Fue arrestado más de una vez. Escribió desde prisión. Describió el cuerpo de su esposa con una devoción que rozaba lo pornográfico. También habló de sus relaciones homosexuales sin pudor. Para él, el límite no existía. Solo el lenguaje.
La última de sus reclusiones se la ganó por criticar a Putin como un débil en sus intentos por recuperar la grandeza de la Rusia imperial. Cuando lo llamó el director de la cárcel para anunciarle su liberación, le preguntó cómo había sido su estadía, preocupado por lo que diría el renombrado escritor acerca del centro de reclusión. Edward le contestó:
“No dudaré en recomendarlo a mis amigos”.
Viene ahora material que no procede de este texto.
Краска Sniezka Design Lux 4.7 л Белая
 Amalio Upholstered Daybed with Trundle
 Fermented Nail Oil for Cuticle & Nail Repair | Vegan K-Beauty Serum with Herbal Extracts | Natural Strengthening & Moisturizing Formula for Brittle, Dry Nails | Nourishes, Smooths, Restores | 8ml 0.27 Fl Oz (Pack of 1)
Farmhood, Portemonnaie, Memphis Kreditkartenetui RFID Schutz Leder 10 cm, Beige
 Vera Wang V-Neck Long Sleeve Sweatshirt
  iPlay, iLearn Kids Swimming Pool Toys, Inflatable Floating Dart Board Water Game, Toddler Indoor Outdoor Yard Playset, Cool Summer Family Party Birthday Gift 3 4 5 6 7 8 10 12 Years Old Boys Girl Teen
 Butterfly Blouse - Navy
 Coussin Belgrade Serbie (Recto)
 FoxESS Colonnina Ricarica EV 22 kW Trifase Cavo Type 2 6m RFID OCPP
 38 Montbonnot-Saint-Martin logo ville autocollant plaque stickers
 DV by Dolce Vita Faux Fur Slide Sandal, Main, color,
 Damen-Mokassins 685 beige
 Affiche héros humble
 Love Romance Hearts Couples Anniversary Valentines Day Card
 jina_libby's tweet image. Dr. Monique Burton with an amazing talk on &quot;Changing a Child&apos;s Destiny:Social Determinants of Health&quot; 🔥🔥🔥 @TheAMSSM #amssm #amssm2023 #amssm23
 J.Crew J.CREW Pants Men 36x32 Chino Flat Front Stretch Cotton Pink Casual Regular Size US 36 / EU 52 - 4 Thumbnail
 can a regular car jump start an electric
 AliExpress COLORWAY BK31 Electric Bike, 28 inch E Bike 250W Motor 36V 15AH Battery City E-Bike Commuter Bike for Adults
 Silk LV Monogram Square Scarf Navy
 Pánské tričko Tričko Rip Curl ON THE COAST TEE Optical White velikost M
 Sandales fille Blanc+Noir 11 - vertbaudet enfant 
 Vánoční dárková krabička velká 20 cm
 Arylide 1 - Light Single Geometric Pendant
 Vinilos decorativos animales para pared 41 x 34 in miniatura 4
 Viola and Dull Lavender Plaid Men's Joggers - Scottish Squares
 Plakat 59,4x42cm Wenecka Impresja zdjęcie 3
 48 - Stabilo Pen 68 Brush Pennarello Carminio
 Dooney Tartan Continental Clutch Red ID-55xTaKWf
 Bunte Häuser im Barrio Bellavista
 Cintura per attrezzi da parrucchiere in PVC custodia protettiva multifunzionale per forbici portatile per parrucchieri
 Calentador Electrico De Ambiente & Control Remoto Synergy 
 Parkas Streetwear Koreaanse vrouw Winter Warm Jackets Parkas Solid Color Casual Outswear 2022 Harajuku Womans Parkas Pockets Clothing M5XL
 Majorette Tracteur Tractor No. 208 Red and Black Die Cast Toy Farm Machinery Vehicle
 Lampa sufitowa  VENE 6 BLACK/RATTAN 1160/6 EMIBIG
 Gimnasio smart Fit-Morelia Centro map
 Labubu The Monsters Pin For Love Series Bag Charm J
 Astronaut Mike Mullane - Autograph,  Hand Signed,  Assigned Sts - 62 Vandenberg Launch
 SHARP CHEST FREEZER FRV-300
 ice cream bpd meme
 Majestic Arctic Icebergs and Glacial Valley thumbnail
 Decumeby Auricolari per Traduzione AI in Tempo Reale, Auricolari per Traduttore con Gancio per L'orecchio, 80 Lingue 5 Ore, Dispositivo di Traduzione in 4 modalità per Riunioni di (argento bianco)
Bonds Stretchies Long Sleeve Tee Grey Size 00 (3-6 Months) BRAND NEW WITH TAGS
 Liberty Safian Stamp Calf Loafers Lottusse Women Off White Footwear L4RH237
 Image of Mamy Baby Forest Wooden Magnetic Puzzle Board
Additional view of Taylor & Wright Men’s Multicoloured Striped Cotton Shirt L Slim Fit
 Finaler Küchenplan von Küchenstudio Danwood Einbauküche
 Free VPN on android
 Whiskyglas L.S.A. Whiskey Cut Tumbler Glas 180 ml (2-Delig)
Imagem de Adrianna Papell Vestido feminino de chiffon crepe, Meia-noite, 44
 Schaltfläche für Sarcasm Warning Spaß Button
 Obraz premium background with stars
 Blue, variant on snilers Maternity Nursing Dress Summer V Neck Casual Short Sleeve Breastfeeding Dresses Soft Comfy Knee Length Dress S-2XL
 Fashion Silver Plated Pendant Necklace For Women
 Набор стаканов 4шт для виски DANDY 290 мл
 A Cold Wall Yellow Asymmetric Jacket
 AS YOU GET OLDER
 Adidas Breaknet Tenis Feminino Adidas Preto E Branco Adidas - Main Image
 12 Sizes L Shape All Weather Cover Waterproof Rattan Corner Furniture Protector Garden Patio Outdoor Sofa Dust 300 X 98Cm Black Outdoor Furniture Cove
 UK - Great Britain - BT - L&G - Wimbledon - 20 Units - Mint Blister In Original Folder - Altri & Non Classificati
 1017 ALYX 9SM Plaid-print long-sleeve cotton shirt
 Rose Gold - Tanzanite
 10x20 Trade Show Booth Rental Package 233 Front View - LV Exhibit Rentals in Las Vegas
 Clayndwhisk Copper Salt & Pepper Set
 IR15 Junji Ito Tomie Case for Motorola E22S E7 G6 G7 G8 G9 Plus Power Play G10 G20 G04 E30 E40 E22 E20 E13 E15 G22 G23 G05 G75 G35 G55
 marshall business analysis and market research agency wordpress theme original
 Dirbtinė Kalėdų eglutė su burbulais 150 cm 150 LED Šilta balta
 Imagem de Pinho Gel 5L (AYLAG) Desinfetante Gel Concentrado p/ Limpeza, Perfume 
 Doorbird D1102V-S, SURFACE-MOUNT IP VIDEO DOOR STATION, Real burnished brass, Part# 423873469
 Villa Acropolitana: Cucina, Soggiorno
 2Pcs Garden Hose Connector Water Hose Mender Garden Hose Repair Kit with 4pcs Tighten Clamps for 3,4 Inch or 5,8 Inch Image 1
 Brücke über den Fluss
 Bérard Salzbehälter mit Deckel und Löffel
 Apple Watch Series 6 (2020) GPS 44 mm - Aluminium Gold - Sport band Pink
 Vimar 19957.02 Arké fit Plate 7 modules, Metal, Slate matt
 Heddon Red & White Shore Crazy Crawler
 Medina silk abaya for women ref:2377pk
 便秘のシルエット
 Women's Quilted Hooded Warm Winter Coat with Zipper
No fue un modelo a seguir. Fue una especie de mamushka rota e infinita, siempre esperando que la próxima en emerger fuera una granada como la que le da su nombre a su alter ego. También fue un niño rechazado en un refugio, un poeta con cuchillo bajo el abrigo, un exiliado, un soldado sin causa, un amante sin filtros, un cronista de la decadencia.
Leer a Limónov quizás le resulte un resumen del siglo XX y una premonición de la moral del XXI: una encarnación de las contradicciones que nos han llevado a donde hoy nos encontramos. Con suerte, quizá le ayude a entender mejor al espíritu humano y sus claroscuros. Qué fascinante elección, narrar una vida por medio de las aguas que la refrescaron, la sacudieron y arrastraron.
“La más profunda enseñanza de la vida es simple: en cuanto tomes conciencia y sientas que te encuentras con fuerza suficiente para aspirar a algo más que al destino de un simple mortal, no tardes ni un minuto en arrojarte a combatir en las barricadas de la historia.
No seas cicatero: machácate, sin piedad, explótate como a un perro. Sé arrogante, desarrolla tu megalomanía, ponte a la altura de los grandes.
Sé exigente contigo mismo, pero muéstrate también satisfecho de tus victorias. De lo contrario, te pasarás la vida sentado a la vera de la fuente del pueblo. Y la historia dejará de funcionar y acabará, como la fuente, llena de grietas y de herrumbre”.
Se agradece el consejo de quien ha predicado con el ejemplo. Hoy, más que nunca, camarada Edichka.